Le 29/07/2015 16:53, Trey Jones a écrit :

One issue I’ve had in the back of my mind but haven’t really made explicit is the question of exactly how to deal with these oddball queries.

There’s query normalization—converting + and _ to spaces, converting curly quotes to straight quotes, and the like—which should do at least whatever normalization the indexer does. (Is there documentation on what normalization the indexer does do?)


Unfortunately no and I'm afraid that the analysis chain is too complex to write an exhaustive description.
The easiest way to check this is with vagrant and run these elasticsearch requests :

A simple fulltext query will target the title and redirects data with the all_near_match field :

curl -XGET 'localhost:9200/wiki_content/_analyze?field=all_near_match&pretty' -d 'article_title article+title'; echo
{
  "tokens" : [ {
    "token" : "article title article+title",
    "start_offset" : 0,
    "end_offset" : 27,
    "type" : "word",
    "position" : 1
  } ]
}

A fulltext search will also query the all.plain field (all fields with a standard analyzer) :
curl -XGET 'localhost:9200/wiki_content/_analyze?field=all.pain&pretty' -d 'article_title article+title'; echo

{
  "tokens" : [ {
    "token" : "article_title",
    "start_offset" : 0,
    "end_offset" : 13,
    "type" : "<ALPHANUM>",
    "position" : 1
  }, {
    "token" : "article",
    "start_offset" : 14,
    "end_offset" : 21,
    "type" : "<ALPHANUM>",
    "position" : 2
  }, {
    "token" : "title",
    "start_offset" : 22,
    "end_offset" : 27,
    "type" : "<ALPHANUM>",
    "position" : 3
  } ]
}

And finally the all field which depends on the language (stems, stopwords):
curl -XGET 'localhost:9200/wiki_content/_analyze?field=all&pretty' -d 'article_title article+title'; echo
{
  "tokens" : [ {
    "token" : "article",
    "start_offset" : 0,
    "end_offset" : 7,
    "type" : "<ALPHANUM>",
    "position" : 1
  }, {
    "token" : "title",
    "start_offset" : 8,
    "end_offset" : 13,
    "type" : "<ALPHANUM>",
    "position" : 2
  }, {
    "token" : "article",
    "start_offset" : 14,
    "end_offset" : 21,
    "type" : "<ALPHANUM>",
    "position" : 3
  }, {
    "token" : "title",
    "start_offset" : 22,
    "end_offset" : 27,
    "type" : "<ALPHANUM>",
    "position" : 4
  } ]
}

So in this case + and _ should not prevent the query from matching the doc.
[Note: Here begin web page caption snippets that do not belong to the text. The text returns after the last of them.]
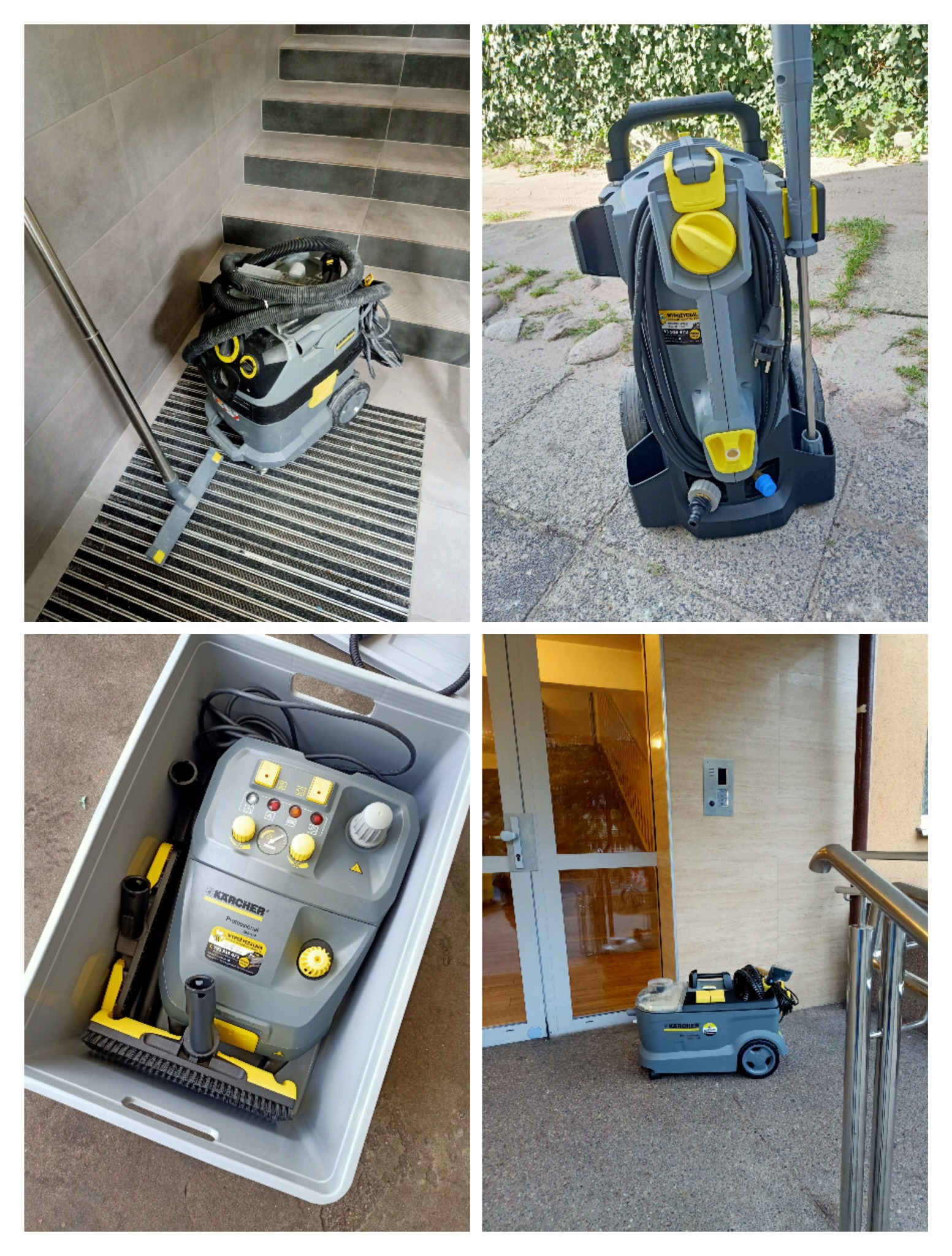 Zestawienie czterech ujęć szaro-żółtego odkurzacza piorącego Karcher Professional w różnych sceneriach: na schodach, na zewnątrz na chodniku, w plastikowym pojemniku z akcesoriami oraz przed...
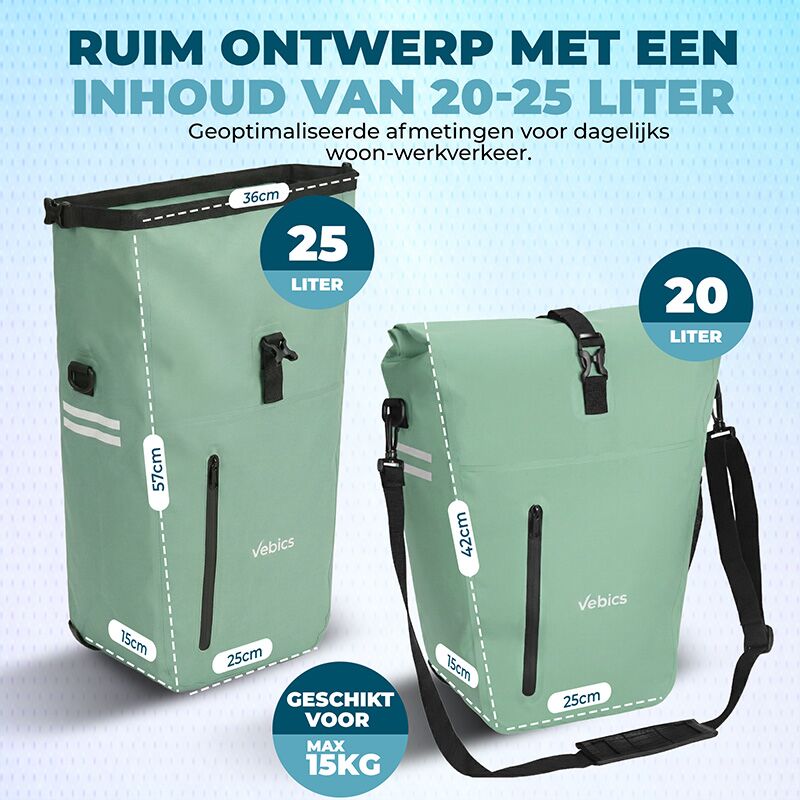 Vebics fietstas enkel waterdicht 20-25 liter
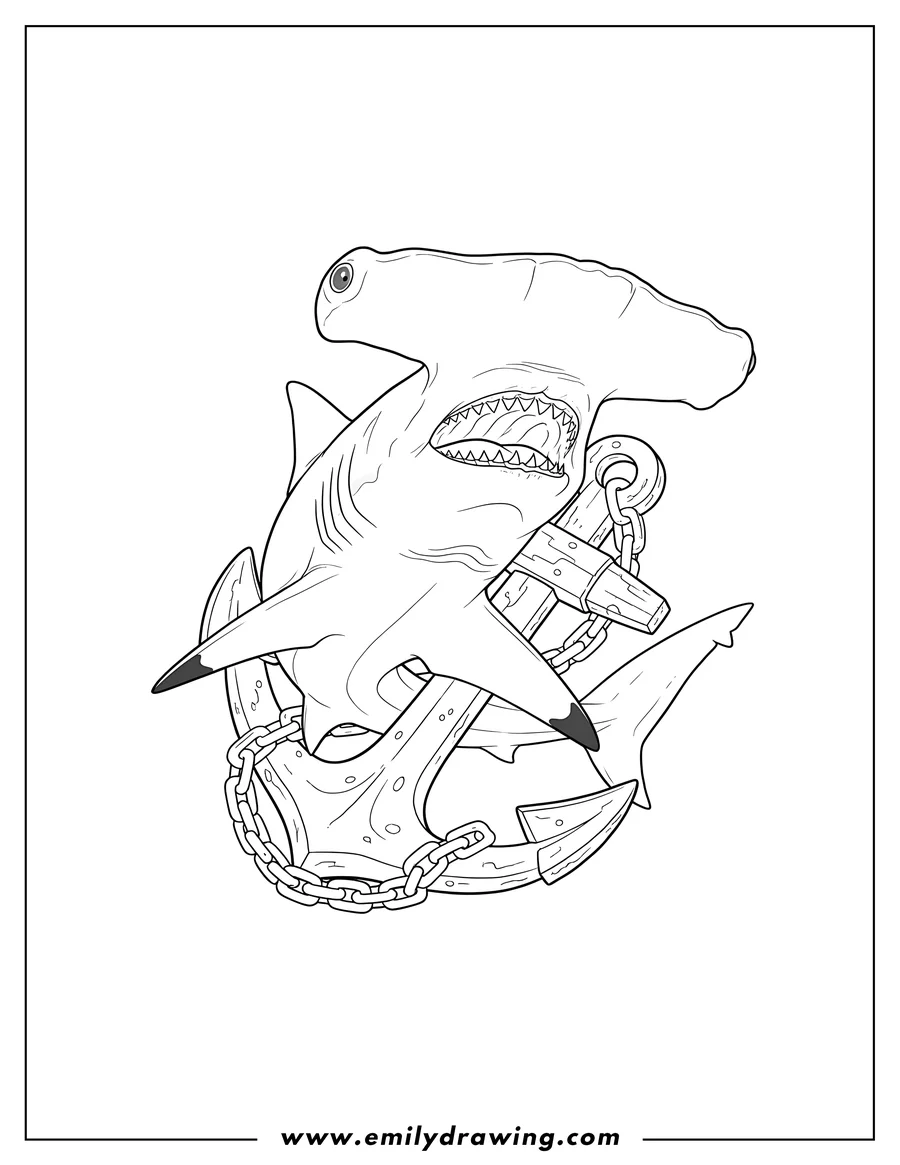 Free printable coloring sheet of realistic Hammerhead Shark with open mouth and showing teeth, on an anchor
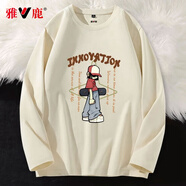 雅鹿長(zhǎng)袖t恤男純棉春秋季寬松休閑打底衫青少年重磅潮流印花長(zhǎng)袖男T恤 淺米/青春滑板 2XL ( 建議145斤-160斤可穿 )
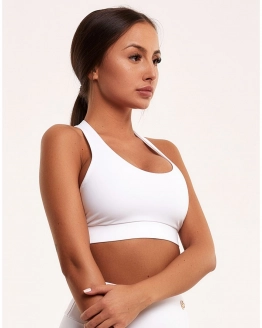 Top fitness sans push-up – dos ouvert et maintien stable – WHITE – 2. kép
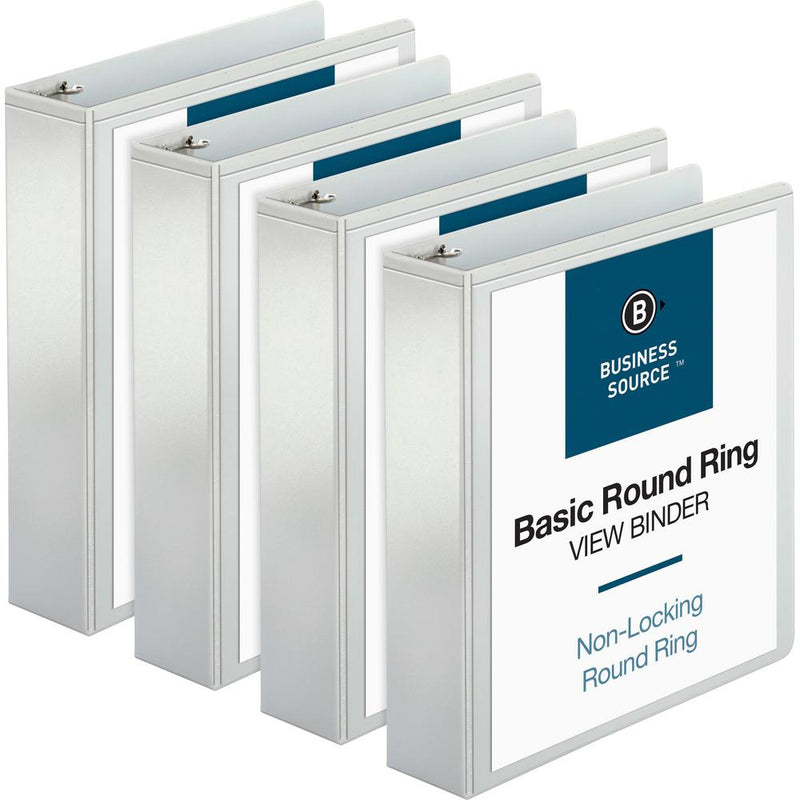 Business Source Round-ring View Binder - 2  Binder Capacity - Letter - 8 1/2  x 11  Sheet Size - 475 Sheet Capacity - Round Ring Fastener(s) - 2 Internal Pocket(s) - Polypropylene - White - Wrinkle-fr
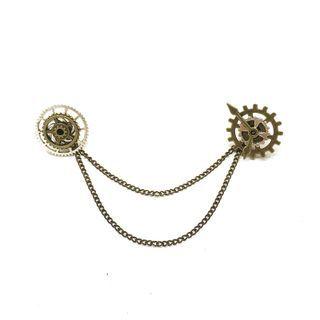 Gear Chain Brooch Copper & Silver - One Size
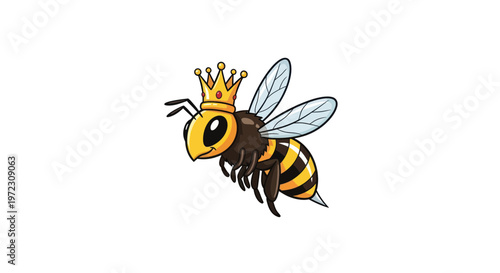 Cartoon Bee Wearing a Crown, Royal Insect Flying, Cute Queen Bee Illustration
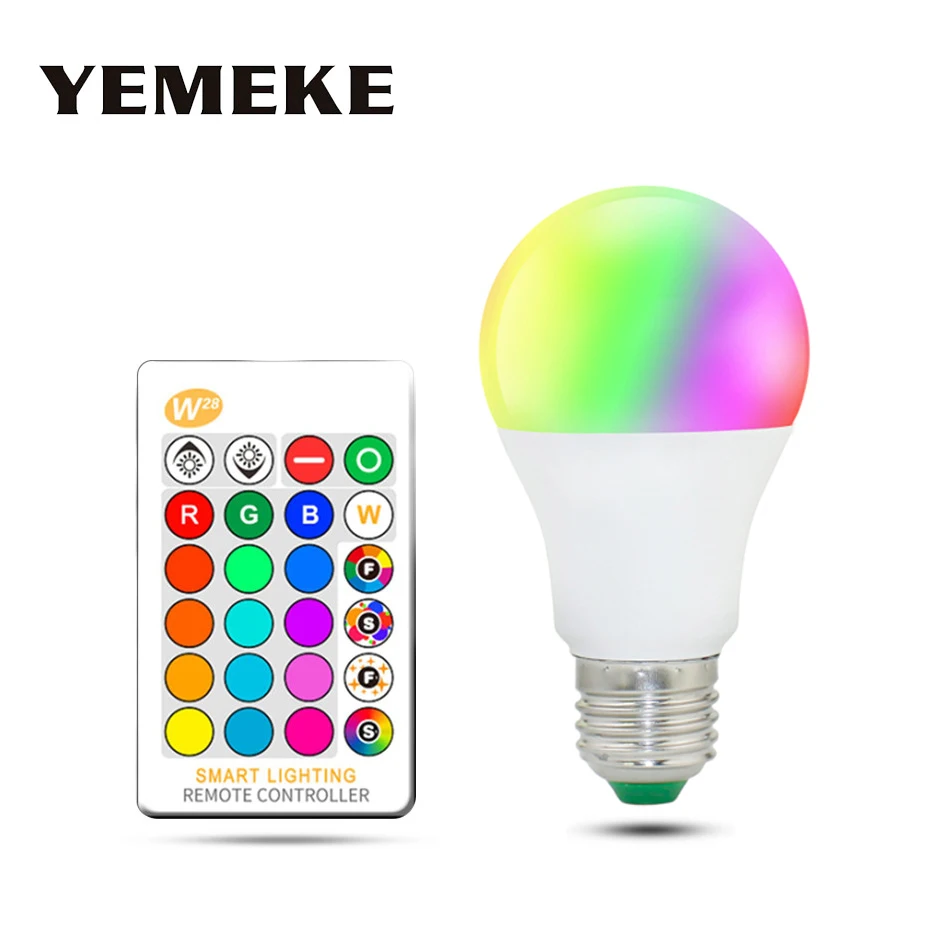 Goede RGB LED Lamp Licht E27 5 w 10 w 15 w Dimbare LED RGB Lamp Multicolor Veranderlijk + Ir afstandsbediening controle RGB Lampada Indoor Verlichting Lamp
It would be even worse to remove them because it would be impossible to find words that have been indexed with an '_'.
IMHO we should let lucene do its job because we would run into many subtle bugs if we try to normalize something before.

But the query "article_title" (with quotes) will target only the all.plain and underscore are kept.
I think the proper fallback method here is to drop the quotes when there's no match with quotes[0]

[0] https://www.google.fr/search?q="google+you+don%27t+have+this+page"